Whitework Chessboard

[Click for larger image]


The chessboard project started as an excuse to test out waste canvas. I'd never worked with tearaway canvas before, and wanted to work a small motif on an inexpensive fabric, just in case the results were poor. But I got ambitious, and came up with a plan that ended up taking months to finish, and which really showed what great stuff can come from cheap, common materials.

The red cotton napkin was one of several that I had picked up out of a bargain basket at a local kitchen goods store, and almost all of the white floss used was recycled from a kit that I received as a gift. I'm not generally a fan of kits, as they tend to be somewhat restrictive, but the quantities of thread that it contained in black, white, and shades of grey made an excellent addition to my supply. The waste canvas (Charles Craft) was pretty inexpensive, and came from a crafts supply store in a handy folded-sheet. Even the metallic floss was only a little more expensive than regular floss, and since it's used sparingly here, as in all my designs, I've still got plenty of it around. So all told, the materials probably cost me less than USD$3. I love bargains!

The chessboard design gave me a chance to try out more tiny motifs than I ever have occasion to use, although coming up with 32 different patterns that all fit within an 18x18-stitch square was a challenge. I wanted to have variety, so there are some rectangular grid-style patterns, some interlocking shapes, different arrangements of curliques, and even a few "somethings", like the butterfly and heart motifs. Incorporating the grid borders into each square's pattern helped provide an anchor, and helped me to maintain the proper stitch count. Of course, I'm pretty sure there are some diversions from the patterns in the stitched work, but keeping the grid consistent is really the important thing here.

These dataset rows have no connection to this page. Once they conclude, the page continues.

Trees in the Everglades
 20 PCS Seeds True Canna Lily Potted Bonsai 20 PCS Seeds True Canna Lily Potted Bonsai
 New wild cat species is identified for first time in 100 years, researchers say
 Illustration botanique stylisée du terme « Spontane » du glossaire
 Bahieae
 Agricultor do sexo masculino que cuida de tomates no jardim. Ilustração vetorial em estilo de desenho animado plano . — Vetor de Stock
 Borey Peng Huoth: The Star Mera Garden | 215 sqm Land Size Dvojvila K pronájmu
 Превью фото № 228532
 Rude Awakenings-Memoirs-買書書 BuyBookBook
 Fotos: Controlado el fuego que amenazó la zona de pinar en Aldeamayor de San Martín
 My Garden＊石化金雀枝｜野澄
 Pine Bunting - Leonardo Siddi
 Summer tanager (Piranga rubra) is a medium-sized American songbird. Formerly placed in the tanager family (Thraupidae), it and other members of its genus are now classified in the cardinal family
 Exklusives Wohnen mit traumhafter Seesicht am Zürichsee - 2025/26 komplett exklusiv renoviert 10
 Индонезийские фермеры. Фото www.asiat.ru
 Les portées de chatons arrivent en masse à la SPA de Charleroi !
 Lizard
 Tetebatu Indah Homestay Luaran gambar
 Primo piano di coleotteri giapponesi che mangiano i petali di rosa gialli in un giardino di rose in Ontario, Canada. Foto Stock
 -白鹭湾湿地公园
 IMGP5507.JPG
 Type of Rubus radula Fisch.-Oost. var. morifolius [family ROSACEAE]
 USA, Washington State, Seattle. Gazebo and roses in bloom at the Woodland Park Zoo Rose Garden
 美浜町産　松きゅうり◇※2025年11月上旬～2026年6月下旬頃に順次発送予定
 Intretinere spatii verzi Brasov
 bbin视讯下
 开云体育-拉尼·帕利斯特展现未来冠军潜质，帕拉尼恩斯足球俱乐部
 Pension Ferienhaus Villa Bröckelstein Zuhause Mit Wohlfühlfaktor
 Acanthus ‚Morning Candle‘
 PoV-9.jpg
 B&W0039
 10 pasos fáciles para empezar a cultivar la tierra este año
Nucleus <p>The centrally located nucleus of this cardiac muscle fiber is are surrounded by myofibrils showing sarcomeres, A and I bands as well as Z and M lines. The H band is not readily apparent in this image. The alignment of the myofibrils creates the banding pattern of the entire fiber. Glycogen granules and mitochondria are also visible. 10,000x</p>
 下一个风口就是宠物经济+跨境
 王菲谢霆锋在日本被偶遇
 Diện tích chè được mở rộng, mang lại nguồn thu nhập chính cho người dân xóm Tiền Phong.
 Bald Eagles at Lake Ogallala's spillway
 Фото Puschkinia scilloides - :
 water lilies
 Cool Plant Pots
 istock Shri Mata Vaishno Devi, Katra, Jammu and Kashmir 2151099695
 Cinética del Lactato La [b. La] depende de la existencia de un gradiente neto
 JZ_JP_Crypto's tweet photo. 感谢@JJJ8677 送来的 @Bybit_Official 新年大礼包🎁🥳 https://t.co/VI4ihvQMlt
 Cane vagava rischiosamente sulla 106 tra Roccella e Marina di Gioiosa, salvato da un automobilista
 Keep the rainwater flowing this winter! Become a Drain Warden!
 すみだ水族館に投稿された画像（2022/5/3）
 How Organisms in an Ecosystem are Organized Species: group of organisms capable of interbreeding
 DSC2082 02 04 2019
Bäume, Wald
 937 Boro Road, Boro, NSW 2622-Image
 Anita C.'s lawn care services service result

Even the orientation of the various motifs isn't all that vital, since chessboards can be viewed from any orientation. And even if it's used to actually play chess, there's no hard-and-fast rule about which squares are "black" and which ones are "white" in this design. I wanted to emphasize that rotational symmetry with the border design, and provide some kind of motif-driven link between the board itself and the game. In the end, space considerations prevented me from putting in pictures of chess pieces around the border, since they would end up being either scrunched up along the board edge crosswise or elongated and stylized. Considering that both the game and the board design seem overly complicated but actually stem from a very few simple concepts, I figured that simply putting the names of the six chess pieces around the board would achieve the look and intent I sought. Gold & silver floss both highlighted the border motif, and worked quite well in contrast with the red backing, so I think the effect was quite nice.

Removing the tearaway canvas was straightforward but called for a bit of patience, as the threads were quite whole, but became unglued with a spritz or two of warm water. Tweezers were invaluable in gently tugging out the threads, especially those few that were snugly tucked under the grid threads. I was very glad indeed that so few of my stitches had caught the canvas threads, since plucking those threads out without harming the stitch was particularly challenging. After all of the canvas thread was gone, blocking proved to be essential in this piece, since the rectangular nature of the design made any skew or stretch in the fabric readily apparent. A little more water, some straight pins, and a gridded cardboard sheet I use in sewing did the job nicely and without all the fussing about with irons and towels that craft books talk about. I hate ironing, and I'm not convinced that all that steam heat wouldn't mess up the mixed colors and stitching, so this method will probably be what I use when blocking is necessary. Overall, I think this little guy turned out well, and many of the motifs may find their way into my other designs.